• [What needs to be done]:
From the line with "Apartment for rent near the sea, Potrero" to the final line of the data below, please write out every line exactly, with no pictures.
Raw data below:
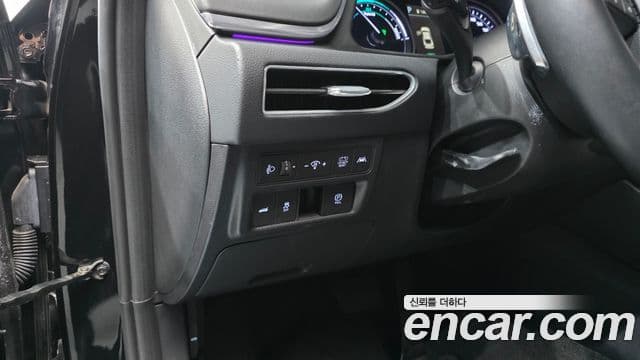 Hyundai Sonata гибрид (DN8) Premium Plus, 2023 17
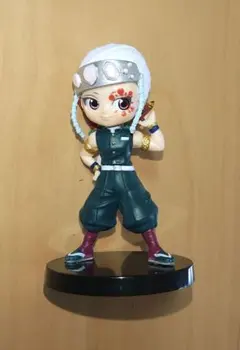 鬼滅の刃 宇髄天元 Qposket petit キューポスケット プチ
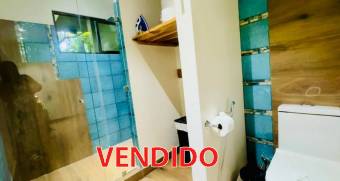 Apartment for rent near the sea, Potrero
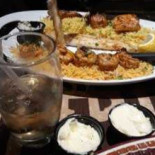 Al Bawadi Grill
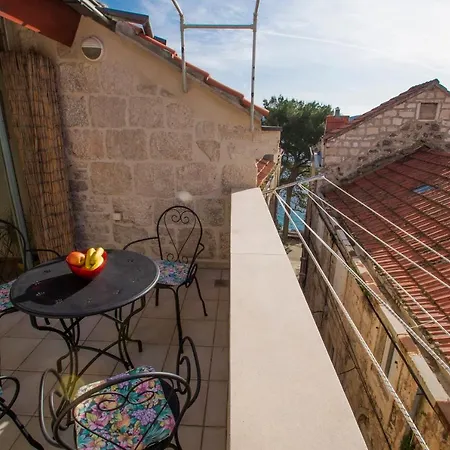 Apartamento Gabriel House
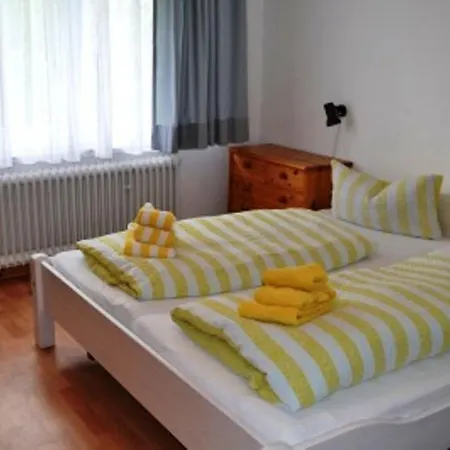 Ferienhaus Strandnah In Nieblum Ferienhaus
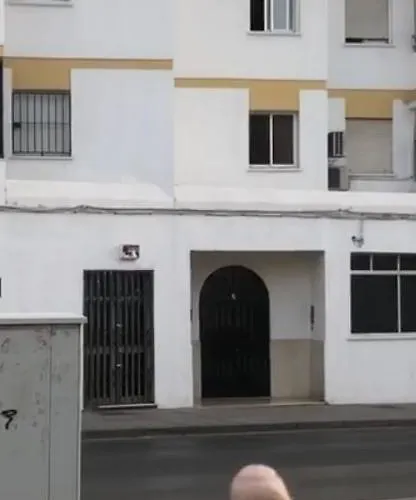 Torredelfino Homestay szállás Jerez de la Frontera
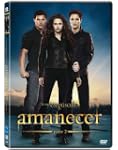 Amanecer - 2� Parte [DVD]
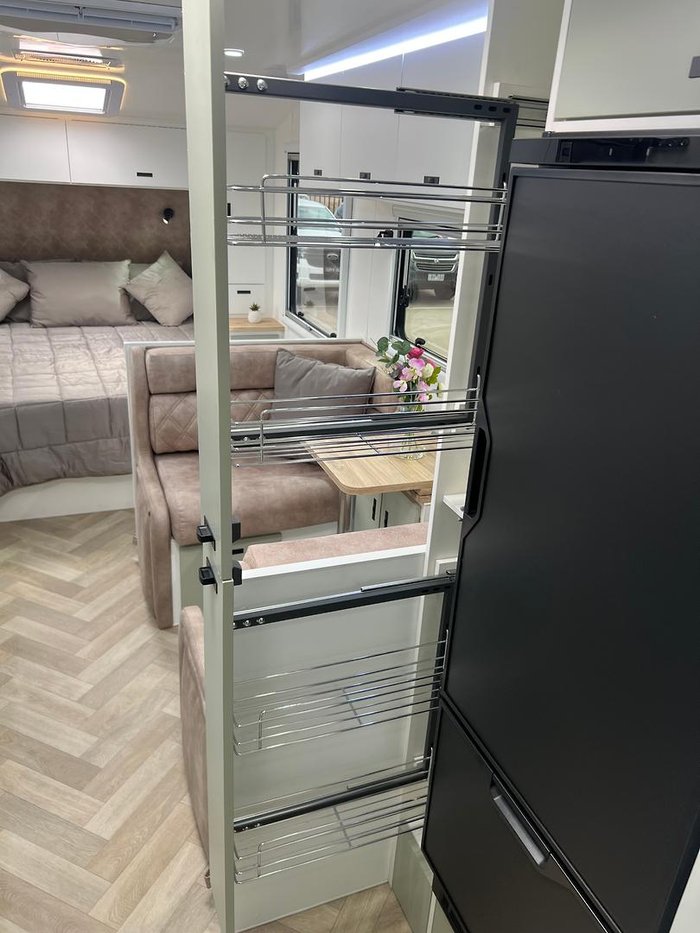 2026 Design RV Crx 196R 19.6'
End of Raw data.
• [Written solution]:
 Apartment for rent near the sea, Potrero
 Al Bawadi Grill
 Apartamento Gabriel House
 Ferienhaus Strandnah In Nieblum Ferienhaus
 Torredelfino Homestay szállás Jerez de la Frontera
 Amanecer - 2� Parte [DVD]
 2026 Design RV Crx 196R 19.6'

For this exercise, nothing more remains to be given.